▶ _What you will do_
Copy the data that appears below exactly. Drop the pictures.

▶ _Dataset section_
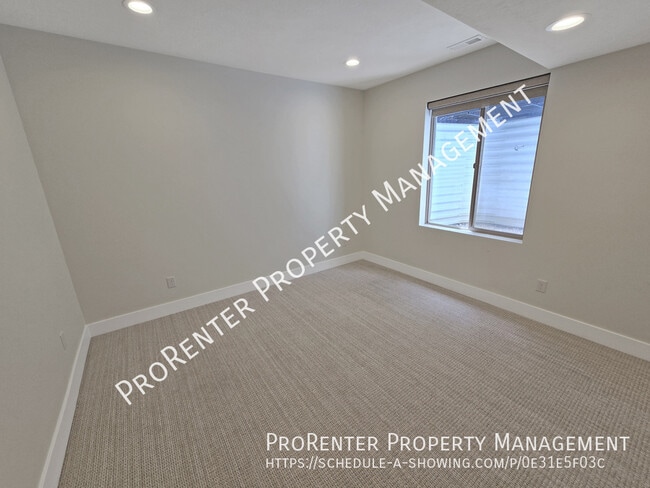 Building Photo - 843 Eaglepointe Dr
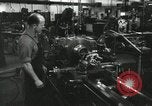 Standbild Machinist Drehmaschinen Glasfaser Pasadena California USA, 1958, aus Sekunde 27 historischem Filmmaterial Videoclip 65675023669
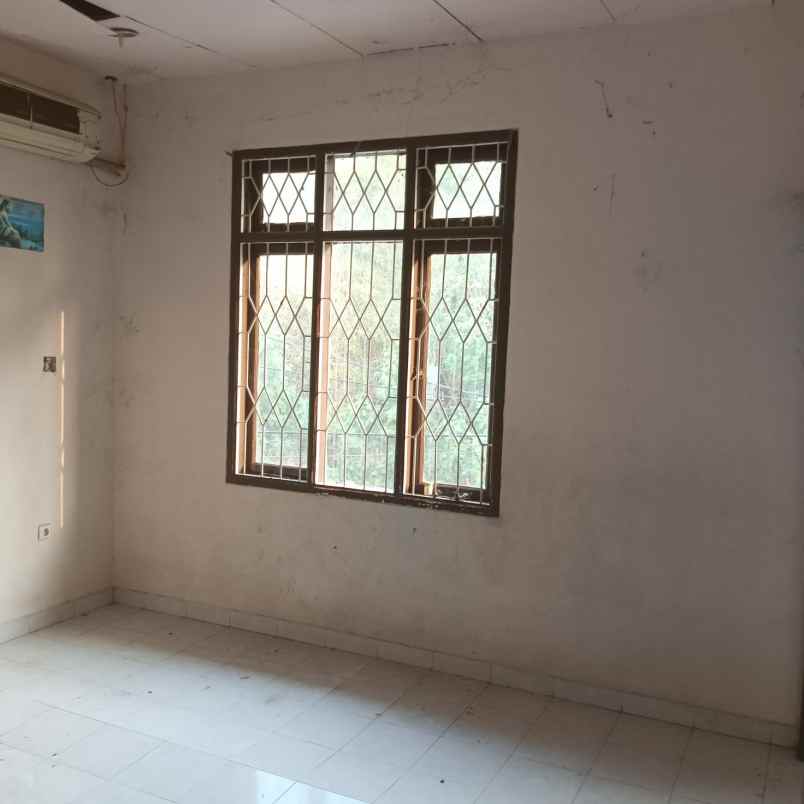 dijual rumah bulevar hijau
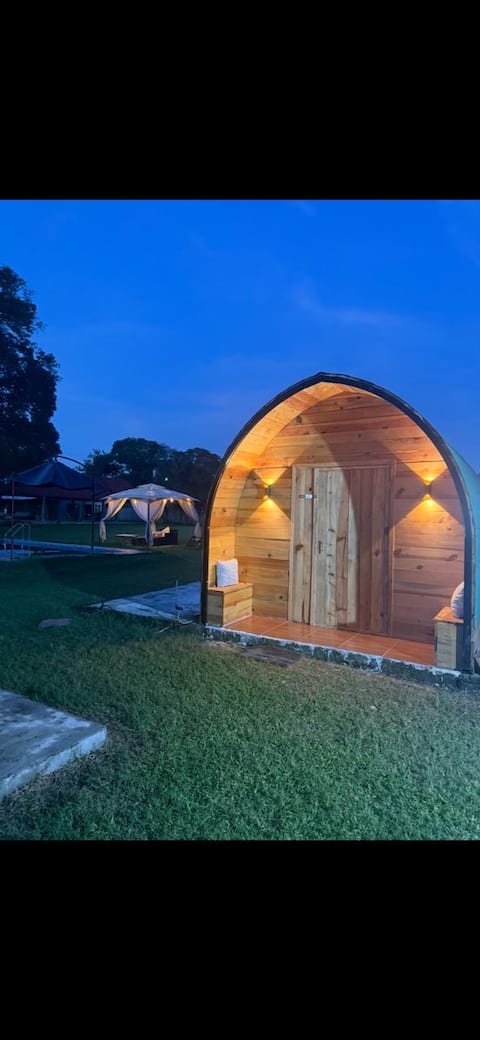 Dome and Glamping Cabins "Punta Zapotal"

▶ _Response to the task_
 Building Photo - 843 Eaglepointe Dr
 Standbild Machinist Drehmaschinen Glasfaser Pasadena California USA, 1958, aus Sekunde 27 historischem Filmmaterial Videoclip 65675023669
 dijual rumah bulevar hijau
 Dome and Glamping Cabins "Punta Zapotal"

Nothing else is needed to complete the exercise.